Roanoke Times Copyright (c) 1995, Landmark Communications, Inc. DATE: THURSDAY, August 26, 1993 TAG: 9309170421 SECTION: EXTRA PAGE: 2 EDITION: METRO SOURCE: Tom Shales DATELINE: LENGTH: Medium
It's a miniseries series, a succession of multi-parters patterned after the paperback ``romance'' novels that feature chesty hunks caressing bosomy beauties on their covers. The promise of the books is that they will all be the same; if that's the case with the ``Great Escapes,'' we are in for one ridiculous ordeal after another.

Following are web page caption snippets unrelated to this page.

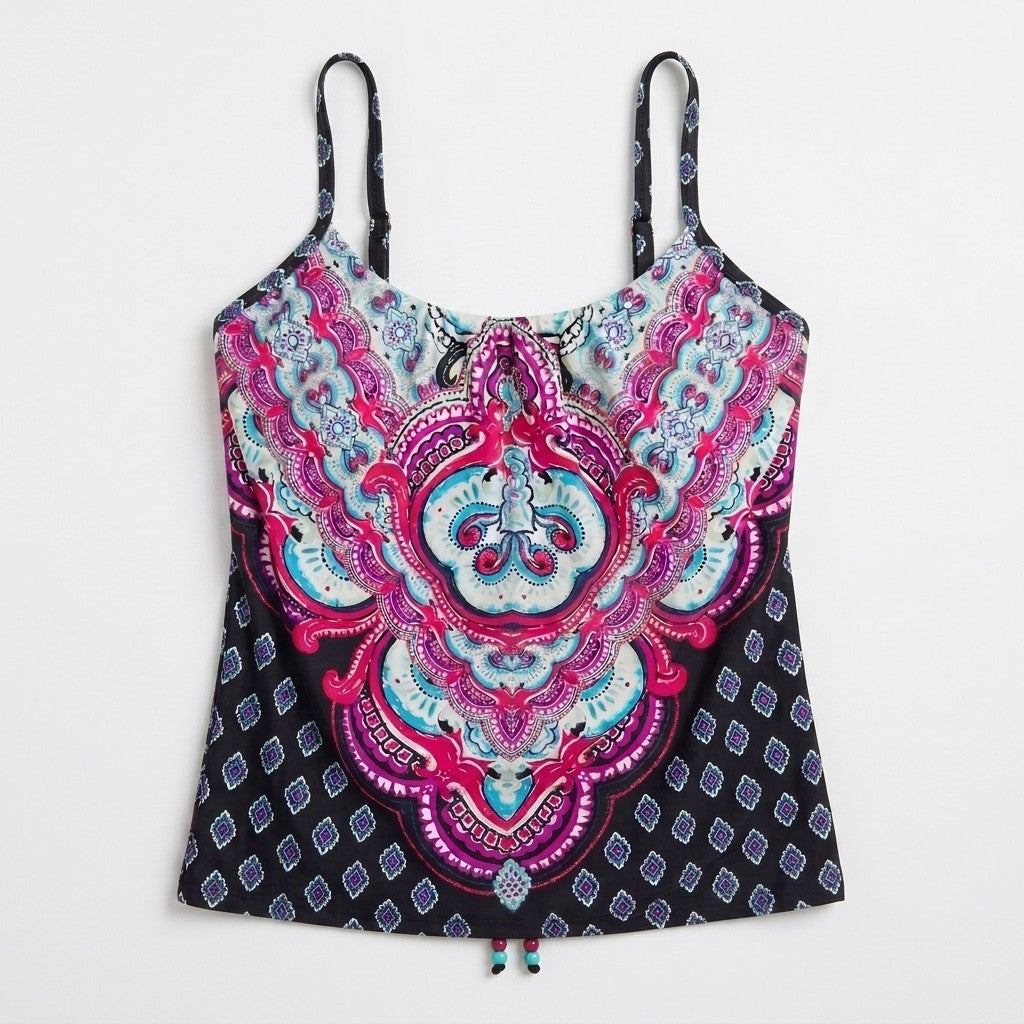 24th & Ocean Women's High Neck Underwire Tankini Swim Top Black Purple Large L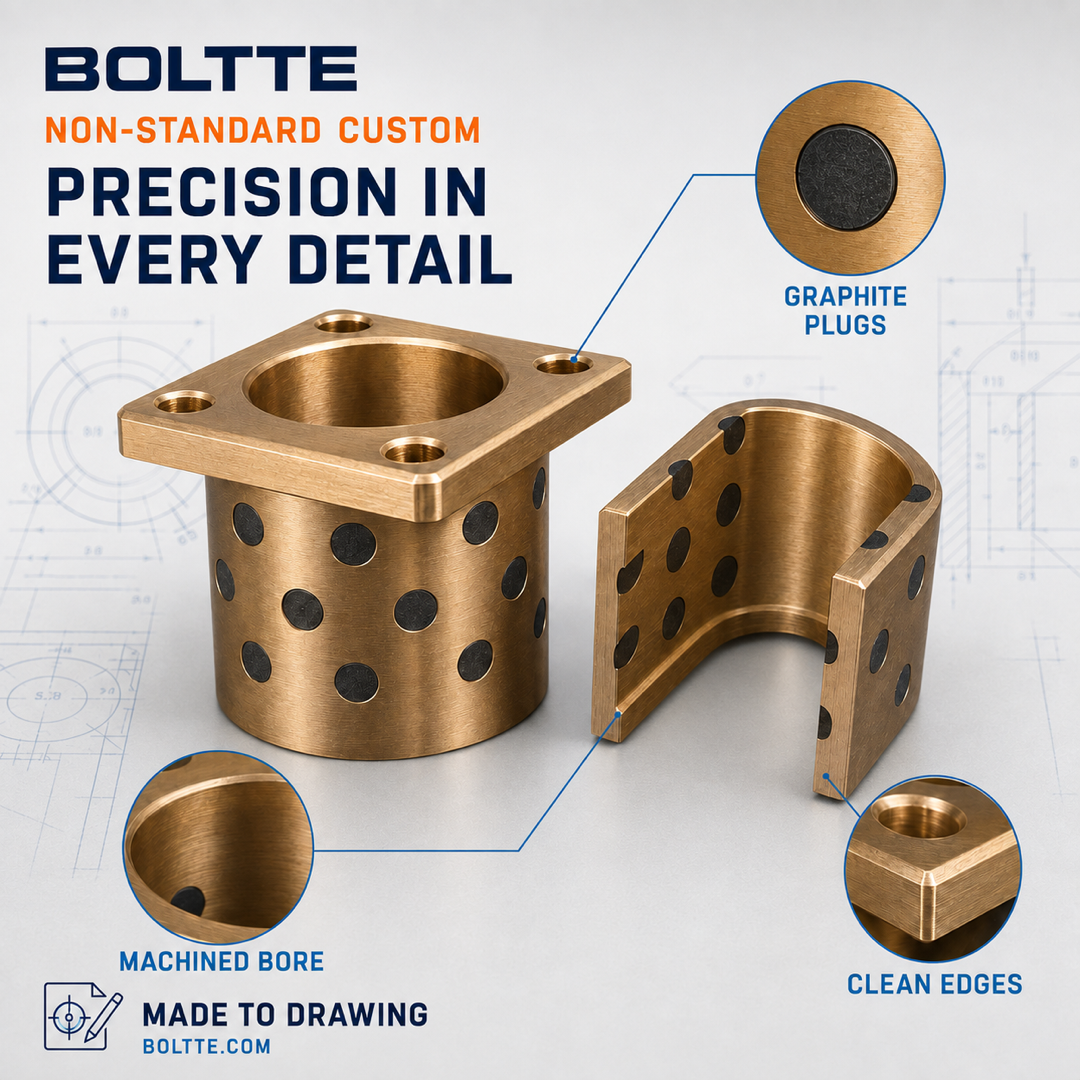 Precision machining details of custom graphite bronze bushings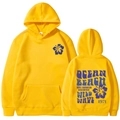 Bright yellow pullover hoodie with blue floral logo and Hawaii surf theme graphics - S / Yellow (Blue Print)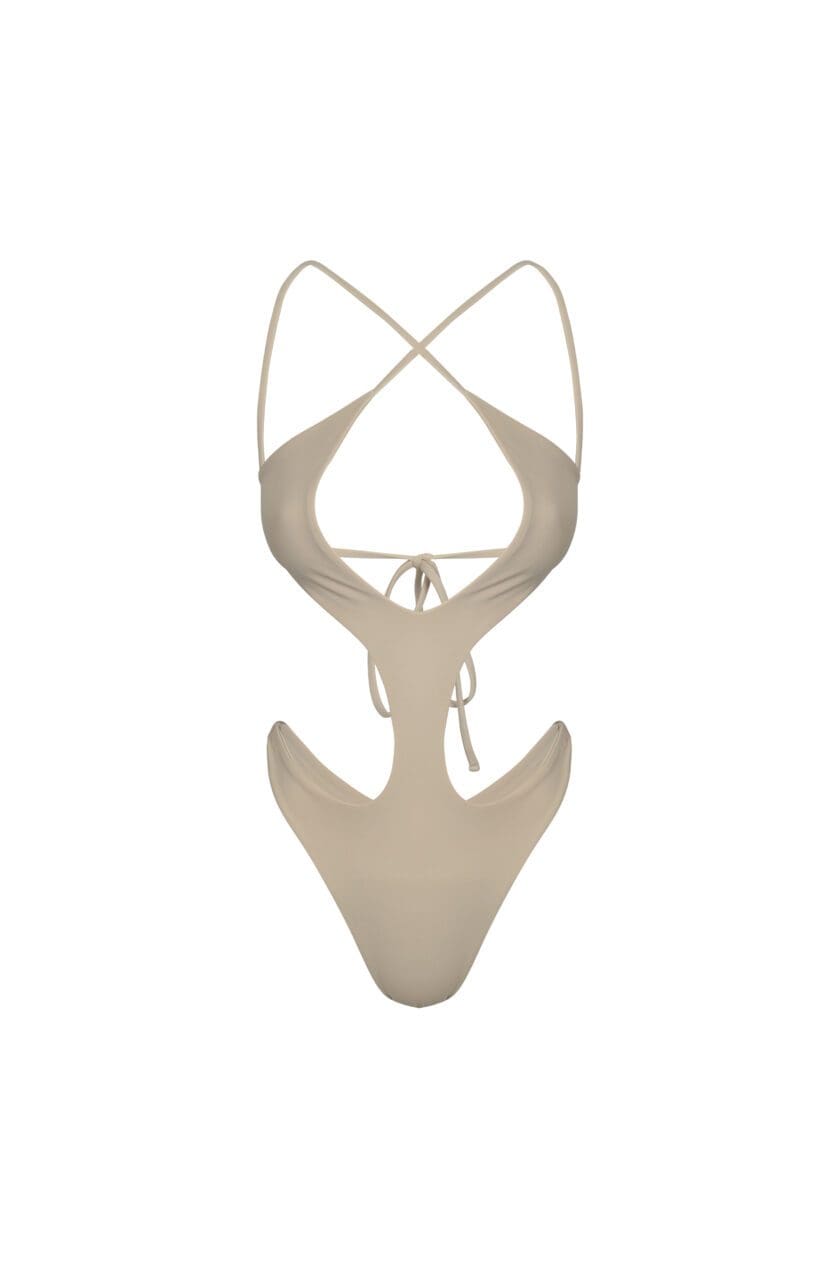Flores Cutout One Piece Swimsuit Cream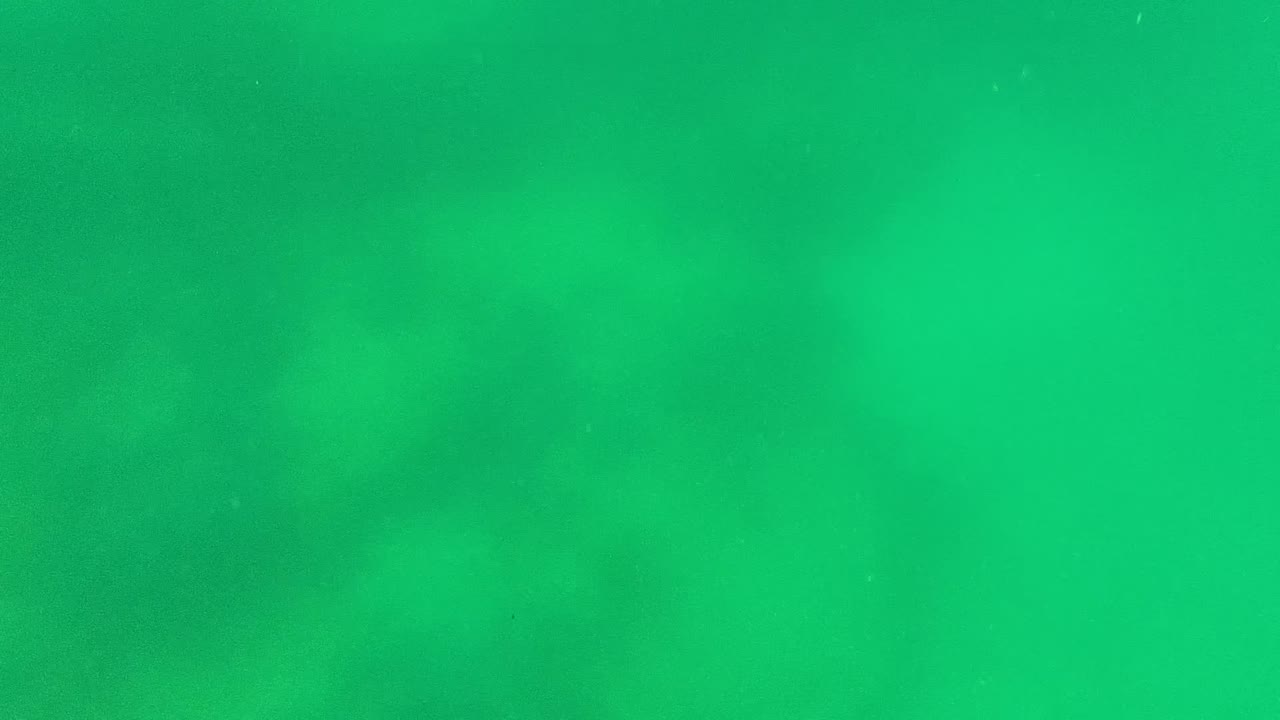 Green underwater view with a horizontal surface band and small rising bubbles.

NBC's publicity department wants us to think of this as not just a programming gimmick, but a potential tonic: ``Long hours at work ... bumper-to-bumper traffic ... rising taxes ... endless battles with the bulge. We all deserve to get away - even if only for an hour or two.''
True, we all do deserve to get away from those things. But the list is incomplete. What about trashy television? It's right up there with rising taxes and bumper-to-bumper traffic. What ``Great Escapes'' really promises is endless battles with the bilge.
``Trade Winds'' is the name not only of the first miniseries (five chapters long, the first being two hours), it's also a supposedly fabulous resort on the Caribbean island of St. Martin. There, two warring families, the Sommerses and the Philipses, have formed an uneasy truce (are there never to be any easy truces?) that involves a struggle for control of the lush hot property and a big rum empire.
And wouldn't you know, they have a Romeo and a Juliet blooming right in their midst. Beautiful and headstrong Maxine Philips (Michael Michele) is begrudgingly engaged to squirrelly attorney Joseph Gabetti (Dean Tarrolly) but really loves dashing and headstrong playboy Ocean Sommers (Michael McLafferty), who can boast the most exposed pectoral development in these here parts.
Maxine's handsome and headstrong brother Kyle (Allan Dean Moore) hates Ocean and conspires to break up the romance. Ocean, meanwhile, is busily trying to locate a sunken treasure left on the Caribbean's floor 300 years earlier when a Spanish galleon went glub glub glub, though not before its surviving crew members turned into a pack of berserk cannibals.
Christof von Philips (Efrem Zimbalist Jr.), the aging yet still headstrong family patriarch, warns that death awaits he who dares to plunder the sea, at least according to a visitation he had years earlier. Seems he saw the figure of death stalking him at an open market, which can critically inhibit one's shopping.
``Finally,'' he tells his grandson, ``I lost him down an alley.'' Whew, a close one!
Unfortunately, there are so many characters in ``Trade Winds,'' and some of the relationships so nebulous, that it's hard to keep track of who's whose. One good thing about the story is that the Philips clan is matter-of-factly inter-racial, and none of the bickering is done along racial lines. They're greedy, underhanded and double-dealing, but they aren't bigots.
Hugh Bush wrote the dizzy script, dull Charles Jarrott directed, and Douglas S. Cramer, long associated with ``Dynasty,'' is the executive producer. Theirs is the kind of film that guarantees you no real surprises, so that when one character says reassuringly, ``Look, nothing bad is going to happen, okay?,'' you know for sure that the poor guy's number is just about up.
One surprise is how little lustiness brews in this tempestuous teapot. The filmmakers are so busy with financial shenanigans and voodoo curses that they neglect the heavy breathing. The shapeliest women in the cast were issued bikinis, however, and thoughtfully take turns modeling them.
For all their flaming passions and snappy tans, the people of ``Trade Winds'' are really not quite fascinating. Seldom have so many headstrong characters seemed so feebleminded. Viewers may find themselves wishing for a big blustery tropical storm to come along and blow them all away.
There never seems to be a hurricane around when you really need one.